Com pelo menos 20 cenários ajustados na primeira rodada e um afastamento polêmico de uma das registradoras, o projeto avança em ritmo mais cauteloso do que o previsto, mas com adoção obrigatória marcada para 2027.
Contexto: o que é a duplicata escritural e por que ela importa
A duplicata escritural é a versão digital do título de crédito que representa vendas a prazo, um dos instrumentos mais utilizados no financiamento de capital de giro no Brasil. Diferente da duplicata física ou mercantil, ela existe apenas em formato eletrônico, registrada em plataformas habilitadas pelo Banco Central e acessível de forma padronizada por toda a cadeia financeira: bancos, empresas, fintechs e fundos de investimento.
Para o mercado de FIDCs (Fundos de Investimento em Direitos Creditórios), trata-se de uma mudança estrutural relevante.
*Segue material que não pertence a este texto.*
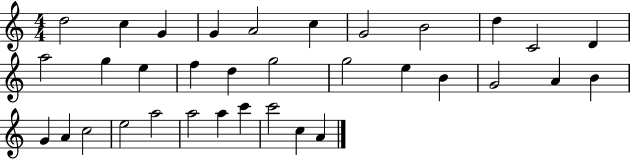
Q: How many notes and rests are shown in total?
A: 34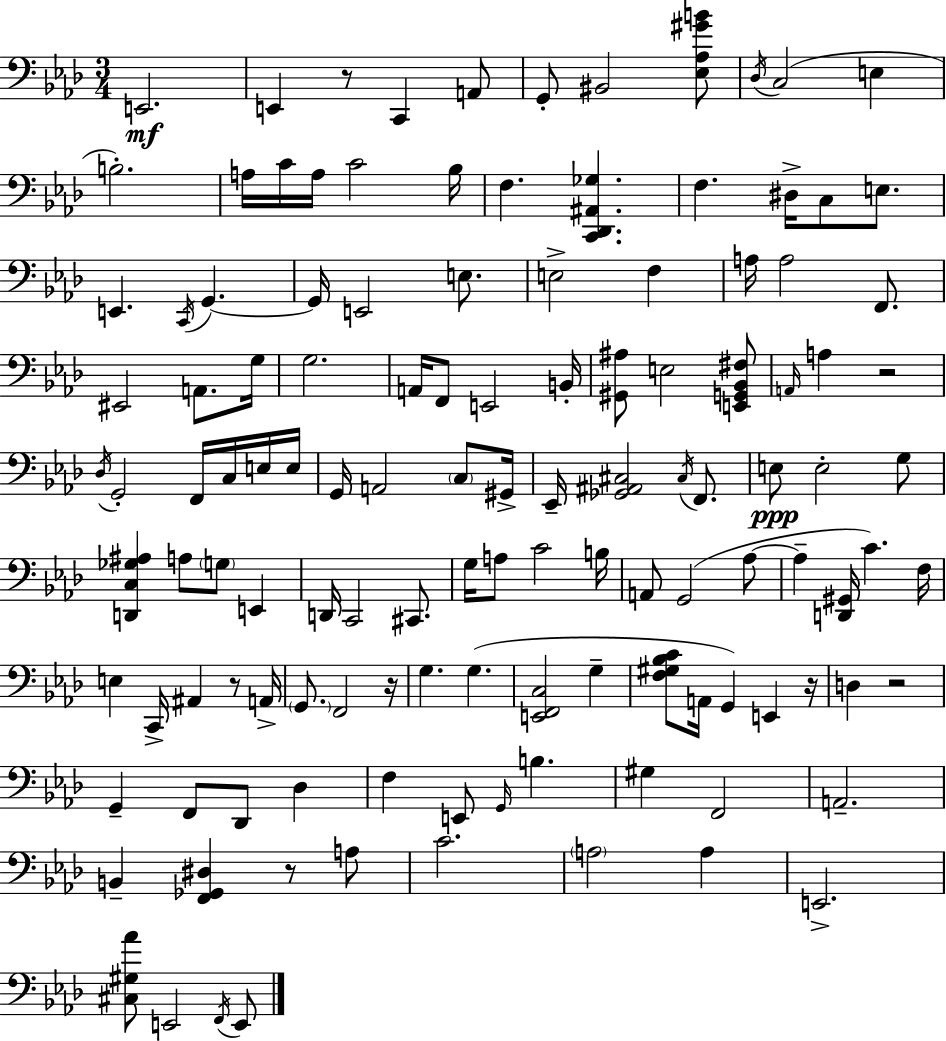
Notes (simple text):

E2/h. E2/q R/e C2/q A2/e G2/e BIS2/h [Eb3,Ab3,G#4,B4]/e Db3/s C3/h E3/q B3/h. A3/s C4/s A3/s C4/h Bb3/s F3/q. [C2,Db2,A#2,Gb3]/q. F3/q. D#3/s C3/e E3/e. E2/q. C2/s G2/q. G2/s E2/h E3/e. E3/h F3/q A3/s A3/h F2/e. EIS2/h A2/e. G3/s G3/h. A2/s F2/e E2/h B2/s [G#2,A#3]/e E3/h [E2,G2,Bb2,F#3]/e A2/s A3/q R/h Db3/s G2/h F2/s C3/s E3/s E3/s G2/s A2/h C3/e G#2/s Eb2/s [Gb2,A#2,C#3]/h C#3/s F2/e. E3/e E3/h G3/e [D2,C3,Gb3,A#3]/q A3/e G3/e E2/q D2/s C2/h C#2/e. G3/s A3/e C4/h B3/s A2/e G2/h Ab3/e Ab3/q [D2,G#2]/s C4/q. F3/s E3/q C2/s A#2/q R/e A2/s G2/e. F2/h R/s G3/q. G3/q. [E2,F2,C3]/h G3/q [F3,G#3,Bb3,C4]/e A2/s G2/q E2/q R/s D3/q R/h G2/q F2/e Db2/e Db3/q F3/q E2/e G2/s B3/q. G#3/q F2/h A2/h. B2/q [F2,Gb2,D#3]/q R/e A3/e C4/h. A3/h A3/q E2/h. [C#3,G#3,Ab4]/e E2/h F2/s E2/e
Hoje, o mercado de duplicatas em formato mercantil movimenta cerca de R$ 10 trilhões por ano, segundo estimativas da indústria. A digitalização desse volume deve facilitar operações com prazos mais longos e tickets de maior valor, ampliando a atratividade do instrumento como ativo subjacente para estruturas de securitização.
A governança do projeto está sob responsabilidade de um comitê formado pelas registradoras participantes: B3, Cerc, Núclea, Quick Soft e SPC Grafeno. Cada uma representa um player distinto no ecossistema de registro de recebíveis, e a coexistência entre elas exige um nível de interoperabilidade técnica que tem se mostrado mais desafiador do que o previsto inicialmente.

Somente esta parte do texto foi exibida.